## Activity
The expected output is each line from the one containing "Silhouette illustration for" to the last line of the data below, set down exactly, minus the pictures.

## Information provided
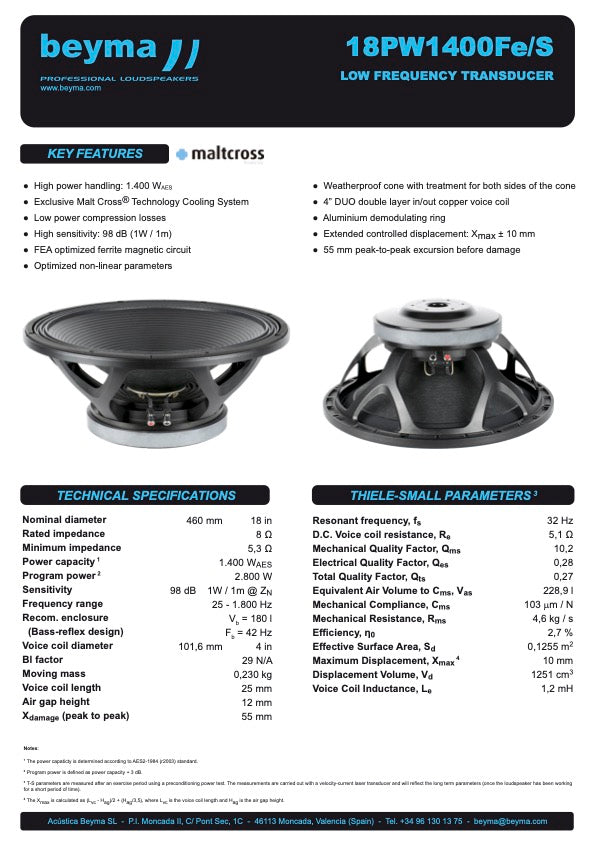 Beyma Loudspeaker 18PW1400FE/S 8 oh - View 3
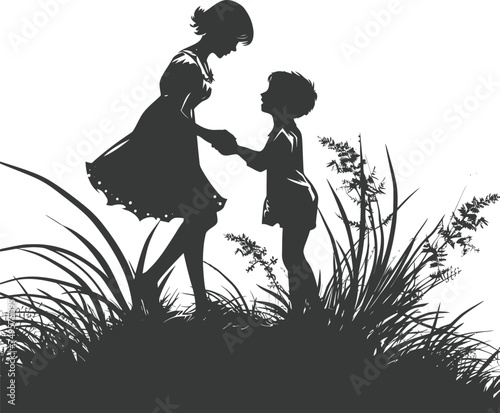 Silhouette illustration for celebrating world sibling day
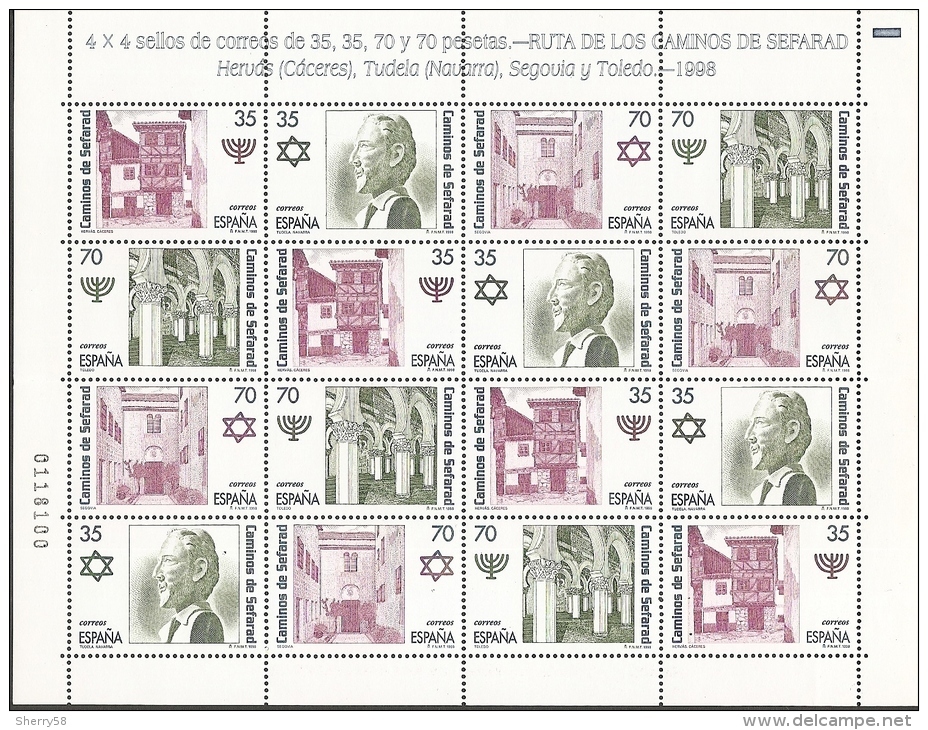 1998-ED. 3600 A 3603 EN MINIPLIEGO-RUTA DE LOS CAMINOS DE SEFARAD-NUEVO - Ganze Bögen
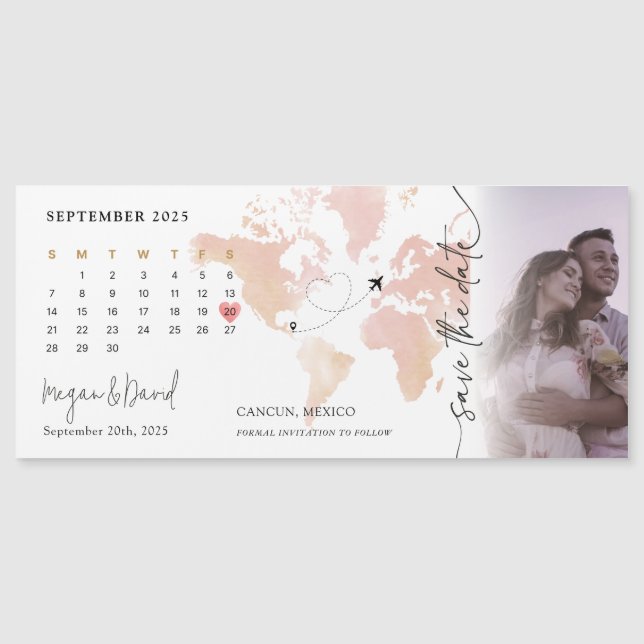 Calendrier Carte du monde de destination Mariage d (Devant)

## Response
 Silhouette illustration for celebrating world sibling day
 1998-ED. 3600 A 3603 EN MINIPLIEGO-RUTA DE LOS CAMINOS DE SEFARAD-NUEVO - Ganze Bögen
 Calendrier Carte du monde de destination Mariage d (Devant)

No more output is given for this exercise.